About this task: Would you retype, word for word, only the lines from the one holding "Diamond-set pentagram cast-craft" through the final line of the entries below, without the pictures?

[Image-text web data]
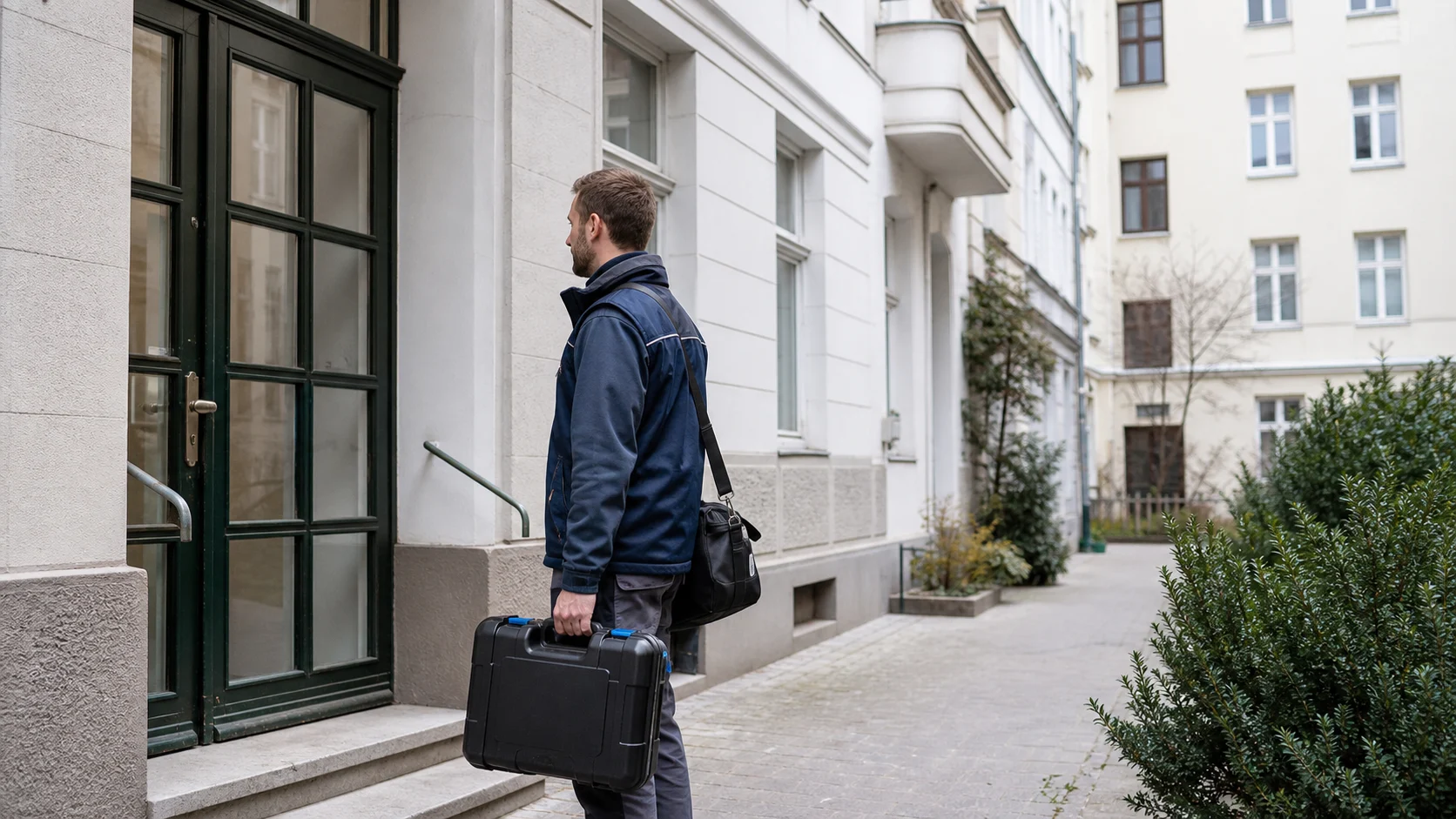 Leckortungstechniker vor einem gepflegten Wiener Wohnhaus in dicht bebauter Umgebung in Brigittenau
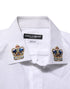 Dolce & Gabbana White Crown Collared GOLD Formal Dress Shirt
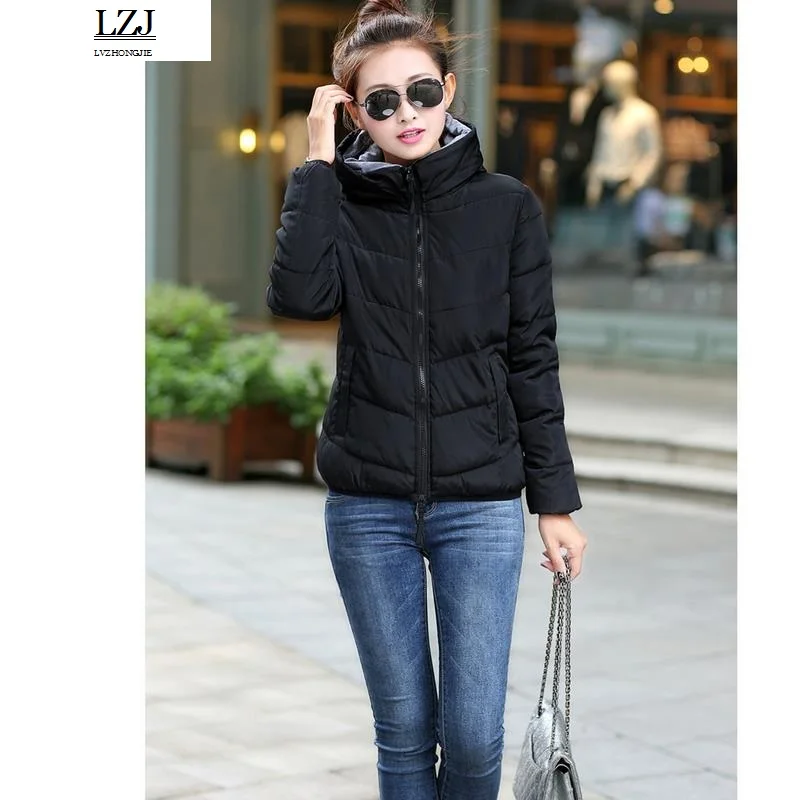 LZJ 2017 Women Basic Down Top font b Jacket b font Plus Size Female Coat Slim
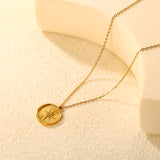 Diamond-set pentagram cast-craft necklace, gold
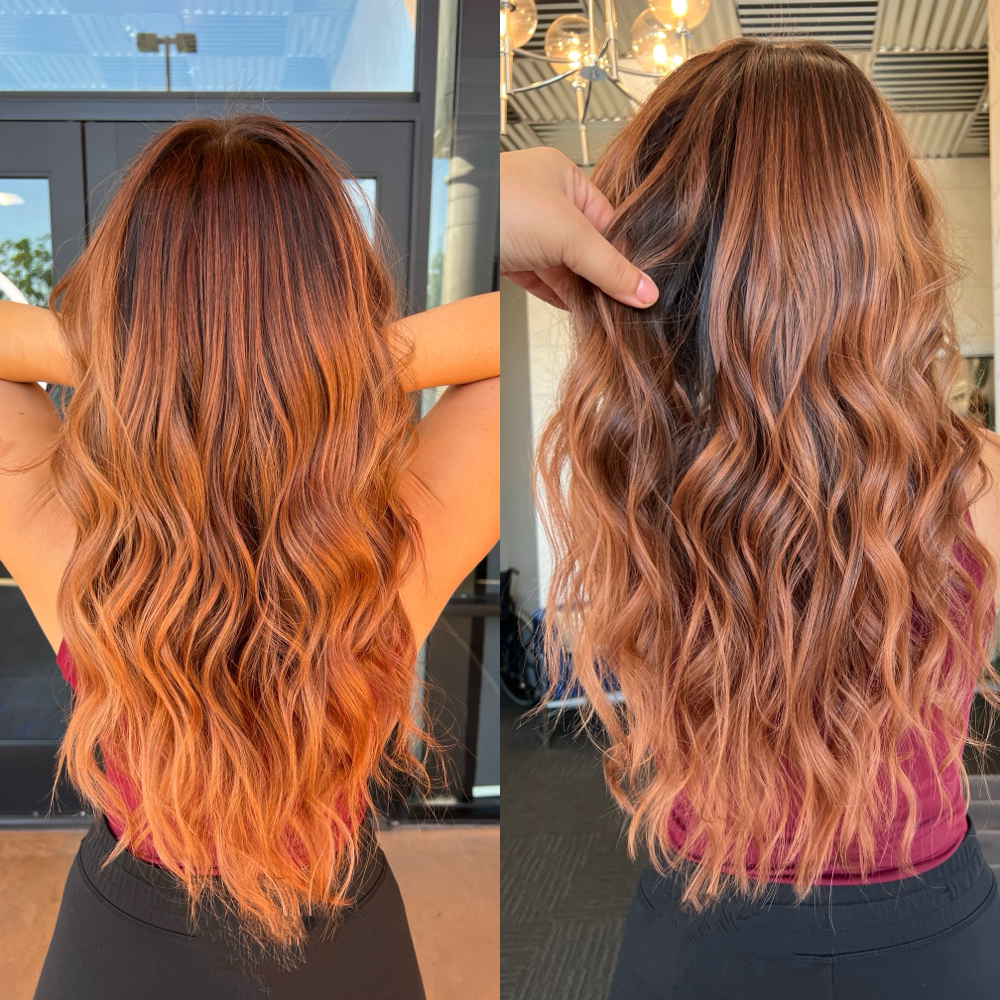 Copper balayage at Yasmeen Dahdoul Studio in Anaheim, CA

Solved exercise:
 Diamond-set pentagram cast-craft necklace, gold
 Copper balayage at Yasmeen Dahdoul Studio in Anaheim, CA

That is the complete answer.